# New Woman



## bgb

I remember the Skinnie Minnie New Woman Series as having more parts that what has been posted on this board. Are the extra chapters still around and could they be posted here?


----------



## BTB

they are on the m2bbw yahoo group


----------



## BBW MeganLynn44DD

I can't seem to find this story or group.Any help? Thank you.


----------



## Coop

It's M2BBW. I've seen it and I have to say it rocks. Skinnie Minnie is the man or perhaps Woman...as it pertains to his stories.


----------



## skinnie minnie

Hi Folks,
I'm again flattered that anyone is interested in my story. I have just about figured out how I want to continue with The New Woman story and I hope to begin writing more VERY soon. I think I may actually have some time to do it. I have written a little more, but I may scrap it and start again. I've gone in a couple of different directions with the story and I'm not sure I'm happy with any of them. I'm sure everyone here knows how difficult it is to come up with time to do the things you REALLY want to do. Life happens while you're making other plans, ya know? 
Later guys and gals, Keep it between the ditches now.


----------



## Coop

Take all the time you need dude. I love parts 8-12!!!! ^_^


----------



## bgb

Would it be possible to post parts 8-12 here?
Thanks


----------



## skinnie minnie

If you can get them at the yahoo group M2BBW, you can have them. I no longer even have a copy. Be my guest. Thank you for asking.
Skinnie Minnie


----------



## Observer

We just yesterday acquired reposting rights to these chapters and intend to be parceling hem out with the weekly update, probably beginning this weekend.

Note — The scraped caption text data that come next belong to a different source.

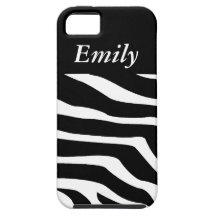 Monogrammed iPhone 5 Case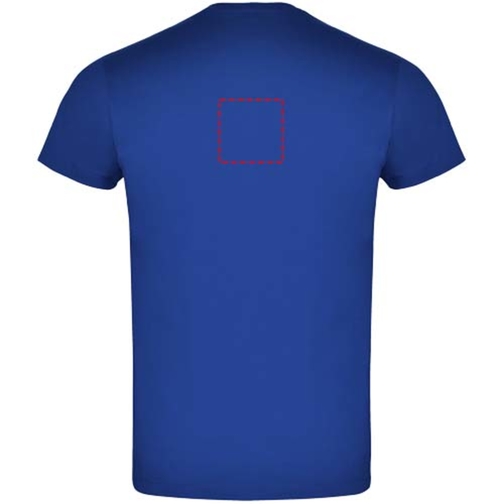 T-shirt unisex a maniche corte Atomic, Immagine 17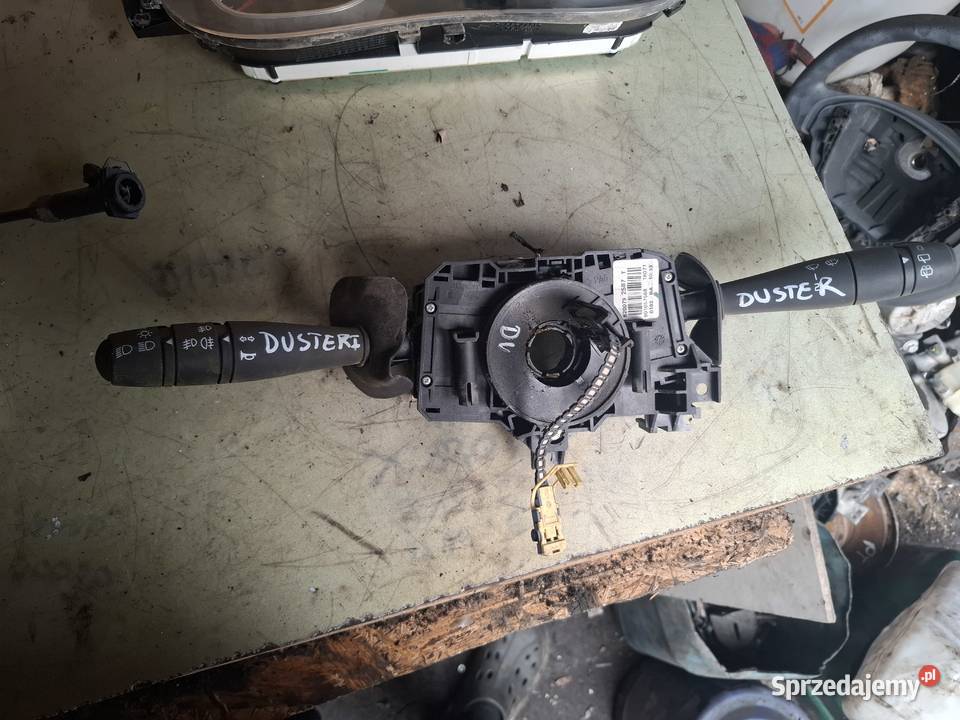 DACIA DUSTER I 15 DCI przełącznik zespolony Kielce sprzedam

The Dimensions Library strives to be the most comprehensive colletion of weight related literature on the Internet. Overall I'm sure we are. But in getting there we don't knowingly violate others copyright privleges. 

When we find out about material our readers want I try to request and secure reposting permission before doing so. It takes a little longer but makes for good taste and happy authors. That's why writers with other outlets likje The_Id, Matt_L and Mollycoddles comment here peacefully instead of yelling for my head. SkinnieMinnie is but the latest.

And, no, I don't always get what I ask for. Sometimes I don't even get a reply. 

For those interested, here's the link to the first of 8 chapters already in the WG Archive


----------



## skinnie minnie

I'll be looking forward to being further honored by having more chapters of my story posted at Dimensions. Thanks.


----------



## rotoplooker

I loved that story.

You know, I really don't like BHM, but a BBW shemale ! This is so nasty ! And unlike other M to BBW stories, there aren't too much sadism, and no pain at all : just a man trapped in the most kinky situation. Great work. I would love to read more of your stories, but I think the M2BBW yahoo group is dead. If not, could someone post the link ?

I'm thinking about drawing some illustrations for this story. Yes, I think I'll do it...


----------



## parksy

I hope this help's http://groups.yahoo.com/group/m2bbw/


----------



## DreamPolice

skinnie minnie said:


> I'll be looking forward to being further honored by having more chapters of my story posted at Dimensions. Thanks.



We may only wait and see.


----------



## tawmie

BBW MeganLynn44DD said:


> I can't seem to find this story or group.Any help? Thank you.


If you know anyone who willing to help me and ride this through to the end I wish to be a m2bbw story come real


----------